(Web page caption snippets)
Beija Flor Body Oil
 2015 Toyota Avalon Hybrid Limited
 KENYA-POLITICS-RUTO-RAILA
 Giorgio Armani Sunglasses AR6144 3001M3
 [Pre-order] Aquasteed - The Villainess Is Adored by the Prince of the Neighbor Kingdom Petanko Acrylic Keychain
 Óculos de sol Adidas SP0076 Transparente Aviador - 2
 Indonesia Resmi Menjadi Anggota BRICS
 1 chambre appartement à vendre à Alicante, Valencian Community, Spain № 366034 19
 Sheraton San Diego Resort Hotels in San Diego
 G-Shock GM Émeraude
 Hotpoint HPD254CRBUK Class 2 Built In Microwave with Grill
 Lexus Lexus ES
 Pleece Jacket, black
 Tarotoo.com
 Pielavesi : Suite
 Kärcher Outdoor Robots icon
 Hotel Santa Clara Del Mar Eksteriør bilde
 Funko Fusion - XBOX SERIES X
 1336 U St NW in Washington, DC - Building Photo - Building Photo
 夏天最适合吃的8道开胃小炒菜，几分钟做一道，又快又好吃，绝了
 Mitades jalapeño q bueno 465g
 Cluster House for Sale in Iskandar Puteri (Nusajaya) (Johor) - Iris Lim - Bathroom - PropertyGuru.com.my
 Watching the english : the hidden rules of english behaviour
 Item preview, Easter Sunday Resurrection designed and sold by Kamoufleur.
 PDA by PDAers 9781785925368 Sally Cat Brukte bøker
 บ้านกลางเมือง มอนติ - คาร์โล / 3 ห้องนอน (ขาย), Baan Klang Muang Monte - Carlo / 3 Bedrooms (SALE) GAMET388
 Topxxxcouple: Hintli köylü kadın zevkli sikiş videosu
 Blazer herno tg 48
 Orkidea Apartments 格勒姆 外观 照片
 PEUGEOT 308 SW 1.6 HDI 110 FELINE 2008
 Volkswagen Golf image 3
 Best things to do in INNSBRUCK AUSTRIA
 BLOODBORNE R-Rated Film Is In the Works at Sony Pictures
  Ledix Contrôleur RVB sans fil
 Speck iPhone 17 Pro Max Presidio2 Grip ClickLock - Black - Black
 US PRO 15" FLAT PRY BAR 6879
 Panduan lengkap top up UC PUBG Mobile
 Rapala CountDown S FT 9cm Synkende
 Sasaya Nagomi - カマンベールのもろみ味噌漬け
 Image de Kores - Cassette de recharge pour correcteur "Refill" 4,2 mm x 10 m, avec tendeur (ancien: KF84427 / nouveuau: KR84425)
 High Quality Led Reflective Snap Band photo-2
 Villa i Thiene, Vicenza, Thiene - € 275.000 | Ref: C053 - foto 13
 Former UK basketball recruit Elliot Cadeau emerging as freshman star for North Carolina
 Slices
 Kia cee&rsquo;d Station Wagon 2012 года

*Instructions for the task*. What must be returned is the line with "Villa i Thiene, Vicenza, Thiene" plus every line after it to the end of the entries, exactly as they appear.

*Response to the task*.
 Villa i Thiene, Vicenza, Thiene - € 275.000 | Ref: C053 - foto 13
 Former UK basketball recruit Elliot Cadeau emerging as freshman star for North Carolina
 Slices
 Kia cee&rsquo;d Station Wagon 2012 года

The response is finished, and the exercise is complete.